The lasting memory of Sunday's loss to Florida State will surely be that of several Seminoles popping their jerseys and taunting Duke's student section after the Blue Devils' last try came up just short.
Led by Al Thornton, Jerel Allen and Ralph Mims, a handful of Florida State players eschewed the handshake line after the game to jeer the Cameron Crazies. One player yelled, "Whose house is it now?"
Although that is certainly the image that will stick-like Virginia Tech's celebration in Cameron Indoor Stadium and Georgia Tech and Virginia fans storming their respective courts after home wins over the Blue Devils-it was not the game's most important sequence. For that matter, neither was anything that happened past the 2:31 mark in the second half-after which neither team would score.
Good looks were there for Duke at the end of the game, as DeMarcus Nelson missed an open three-pointer, and Nelson and McRoberts both had decent chances to save a Blue Devil victory within the final two seconds.
Duke, however, likely never would have been in the close, late-game situation in the first place had foul trouble not crippled the team midway through the first half. The Blue Devils' best three defensive frountcourt players-Josh McRoberts, Lance Thomas and Dave McClure-were all riddled with at least two fouls in the first period, handicapping head coach Mike Krzyzewski's game plan to shut down FSU and its dynamic forward Al Thornton.
Duke jumped out to a 27-10 lead over the game's first 10 minutes by limiting Thornton, but then it let the Seminoles whittle down the lead to three points by halftime.
"The kids were so ready to play, and we started off great-then we got all those fouls," Duke head coach Mike Krzyzewski said. "It was two different 10 minutes because there were two different teams on the court because of all the fouls."
The Blue Devils started the game with Thomas guarding Thornton. On Florida State's first few trips down the floor, the freshman seemed to frustrate Thornton. When Thomas quickly picked up two fouls, one on the offensive end and the other away from the ball, McClure entered the game in his place.
The defensive situation at the offset was remarkably different from that of a year ago against the Seminoles. In two games against the Blue Devils last season, Thornton scored 63 points. Most often guarded by the 6-foot-3 Nelson, Thornton slashed to the basket and tore through Duke's defense in leading his team to one win and another close loss in overtime.
Even with Thomas on the bench, McClure blocked one of Thornton's shots and affected several others. McRoberts got in on the action when Thornton drove, finishing with four blocks.
After those 10 minutes, however, the fouls began to pile up. Playing with those two fouls, Thomas picked up his third at the 7:50 mark. McClure earned his second fouling Thornton on a fast break two minutes later. And McRoberts was called for his second and third fouls within 20 seconds after McClure's second.
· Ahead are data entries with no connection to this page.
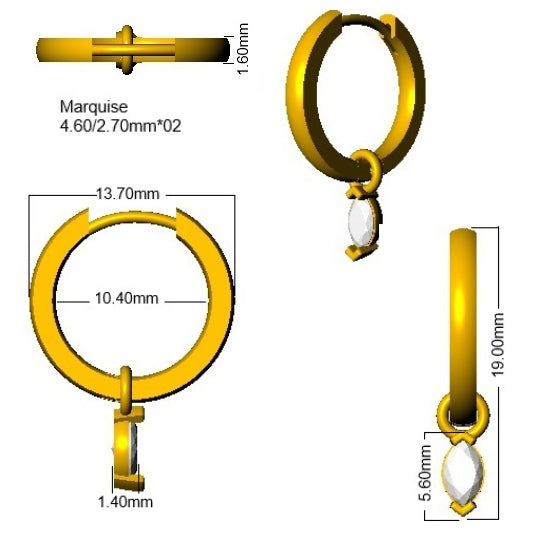 SE6803 — Earrings - 9k Yellow Gold detail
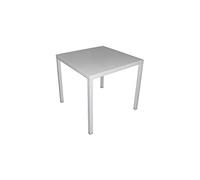 MilaniHome Tavolo Quadrato Fisso in Ferro Bianco 80 X 80 per Esterno Giardino, Portico, Ristorante, Gelateria Bar Hotel Albergo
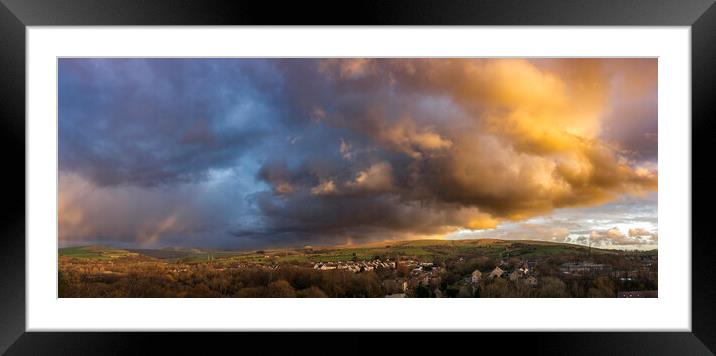 New Mills Stormy Sunset Framed Mounted Print by John Finney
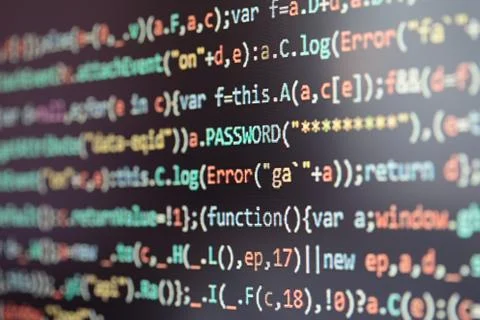 Computer screen displaying program code Foto stock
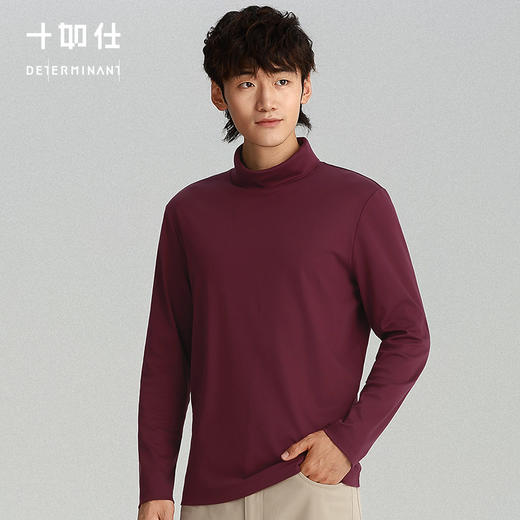 十如仕男女亲子家庭新年衣服酒红色半高领高领长袖T恤100%纯棉T04-02 商品图4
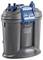 Gray Oase 'Living Water' canister filter with blue latches and fittings, shown isolated on a white background.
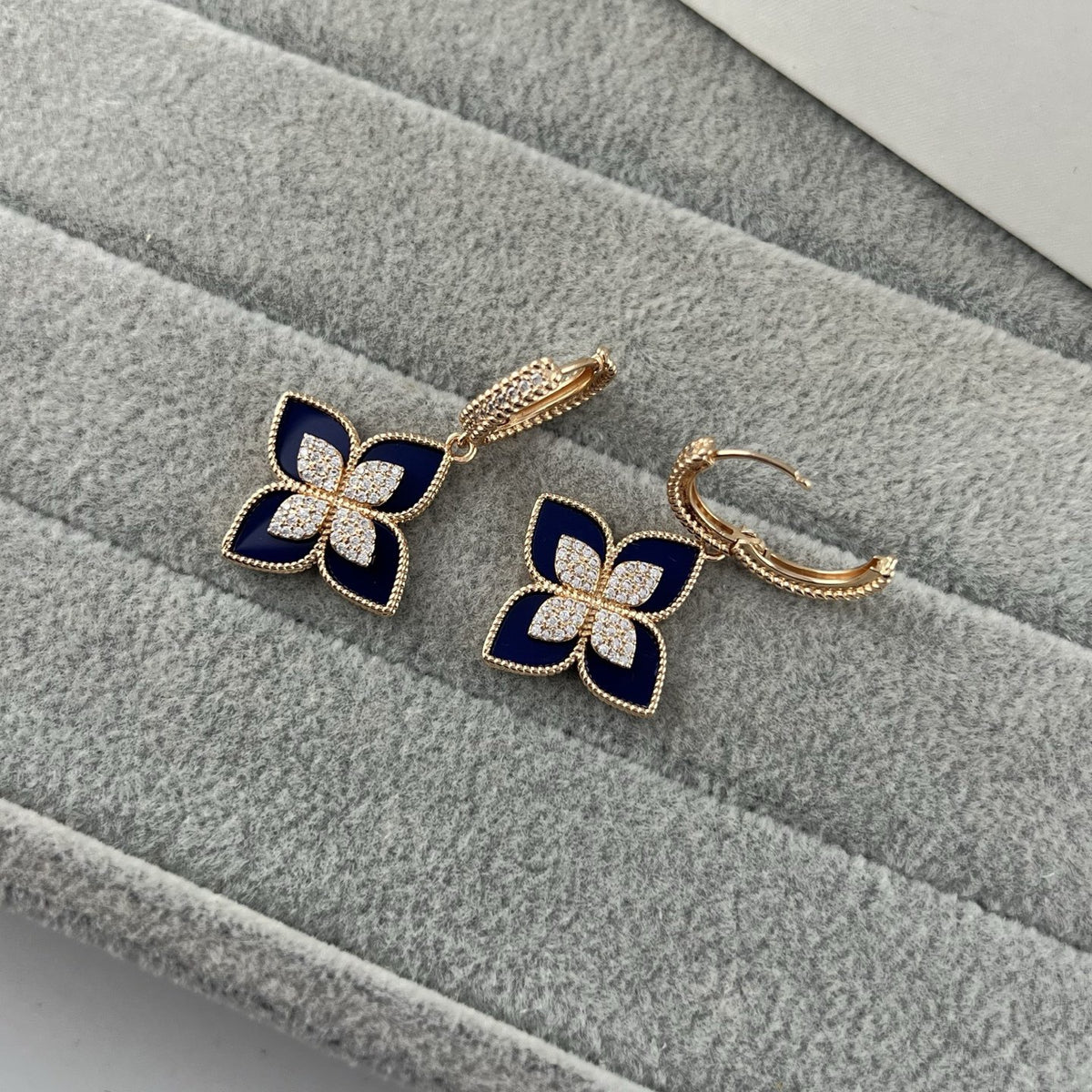 Roberto Coin Style Four-Leaf Clover Cubic Zirconia Earrings detail view 5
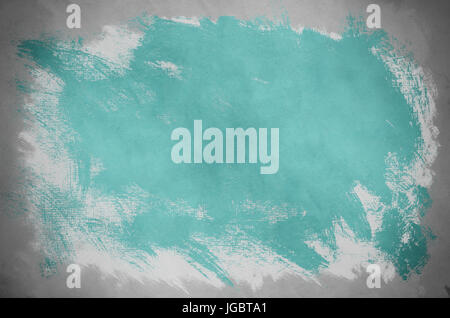 Abstract painting on canvas background with splashy random paintbrush strokes in turquoise with a layer of white below and grey border beneath that.   Stock Photo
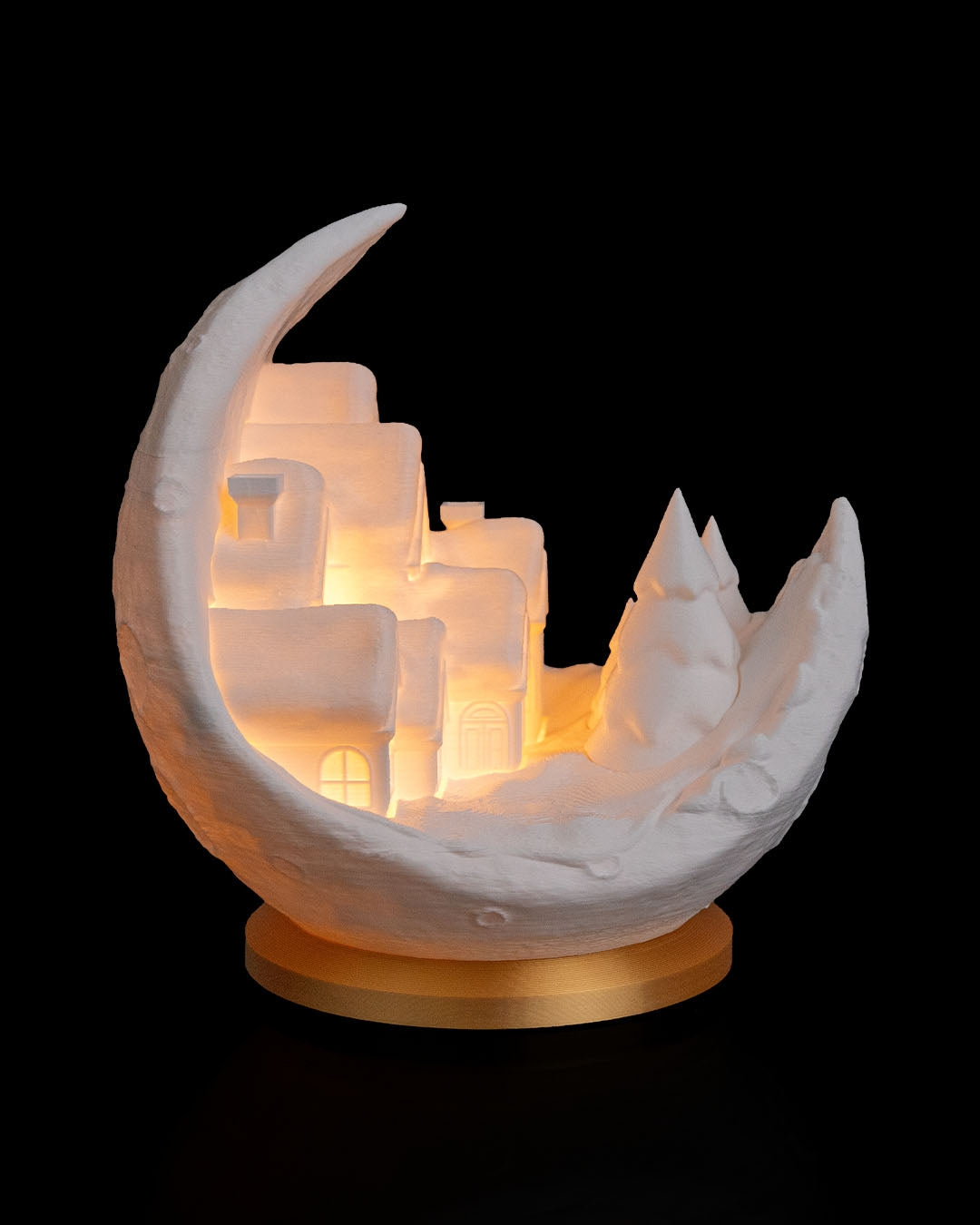 Winter Village Scene on the Moon – Table Lamp | 3D Printed | Flameless Tea Light Included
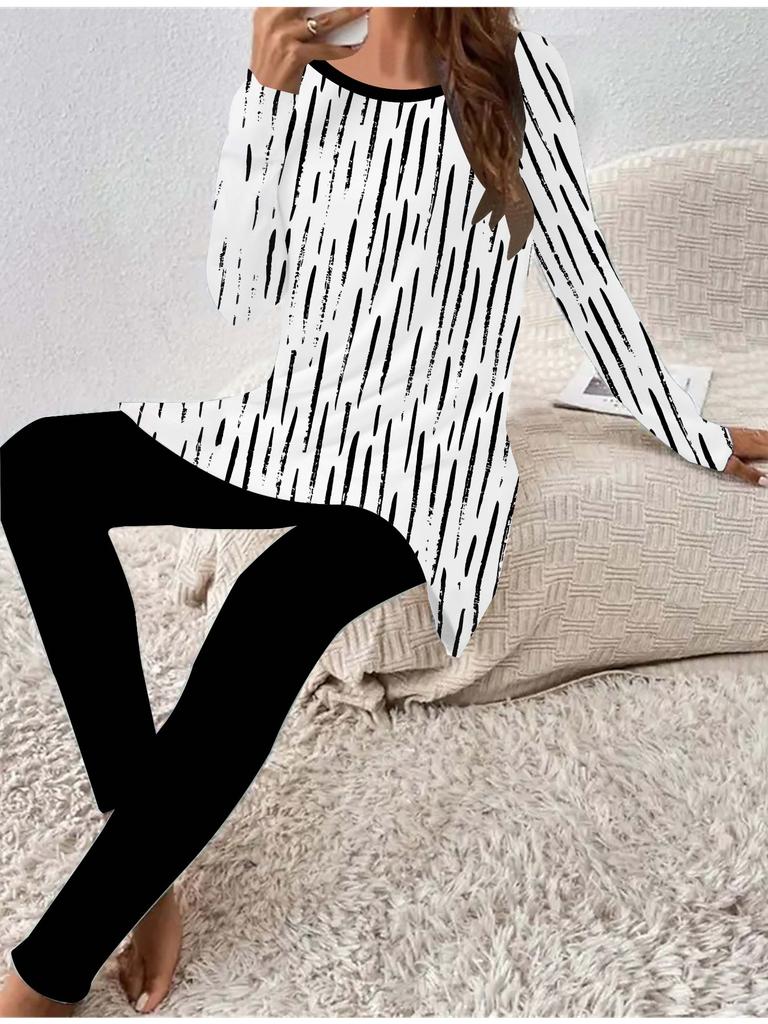 Евро-американская мода 3D Геометрический принт Женский Четырехсезонный Комплект из футболки с длинным рукавом + длинных брюк. Идеальный подарок на Новый год и Рождество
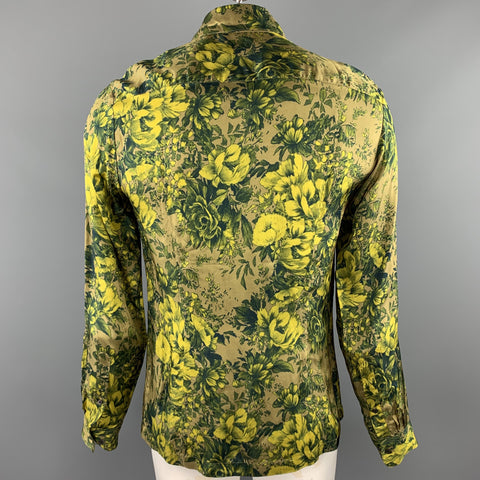 DRIES VAN NOTEN S/S 2020 Size L Green Print Viscose Zip Up Long Sleeve Shirt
During the first half's final 4:45, Thomas, McClure and McRoberts sat on the bench as Brian Zoubek and an otherwise undersized frontcourt let the big lead slip away.
Although it was not only Thornton that brought the Seminoles back, the foul trouble on Duke's three forwards charged with guarding him was a catalyst for the game's turnaround. Without them, Duke's game plan was erased-on both ends of the floor.
"It did hurt our game plan because me, Josh, guys like that were in a position where we couldn't play the end of the first half just because you're in foul trouble," Thomas said. "We just didn't stay aggressive and sharp. They fought back into it."
With Duke's lineup changed, holes in the defense emerged. At the same time, the offense that had been relying on McRoberts, Thomas and McClure to set screens for Greg Paulus to shoot from the perimeter stalled. Over the first half's final 9:47, Duke was outscored 23-9.
It was no coincidence that this run, which put the Seminoles in position to beat Duke at the end of regulation, came at the same time as the Blue Devils were struggling to adapt their strategy without their normal lineup.
"When two good teams play, if one team spurts a little bit, usually the other team will spurt back," Krzyzewski said. "We played better than them for eight minutes, and then they played better than us for eight minutes.... We were young in our aggressiveness. Josh [McRoberts'] two fouls changed the complexion of the game. We're not that deep or that good where you can do those types of things."
In the last few minutes of the game, the shots could have gone either way. Duke's fans should know that by know-for every Dave McClure buzzer-beater, there is bound to be a missed Greg Paulus three-pointer or DeMarcus Nelson tip.
In this game, it was the first half foul trouble that allowed a potential blowout to become the close situation at the end that could have gone either way.